- **DATA SECTION**
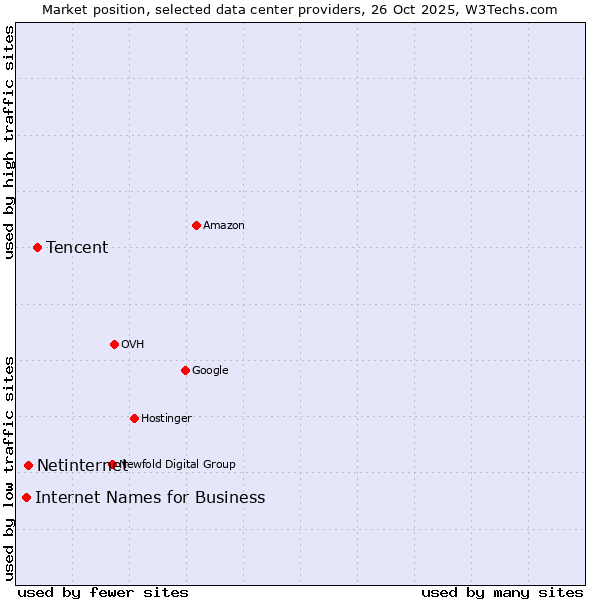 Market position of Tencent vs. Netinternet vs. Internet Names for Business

---

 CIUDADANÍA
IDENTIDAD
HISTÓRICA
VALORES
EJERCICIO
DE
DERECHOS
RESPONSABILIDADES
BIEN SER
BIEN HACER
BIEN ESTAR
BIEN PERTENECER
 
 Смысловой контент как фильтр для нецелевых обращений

- **ASSIGNMENT**
Look for the word "BIEN" in the data, then return every line that contains it.

- **TASK SOLUTION**
BIEN SER
BIEN HACER
BIEN ESTAR
BIEN PERTENECER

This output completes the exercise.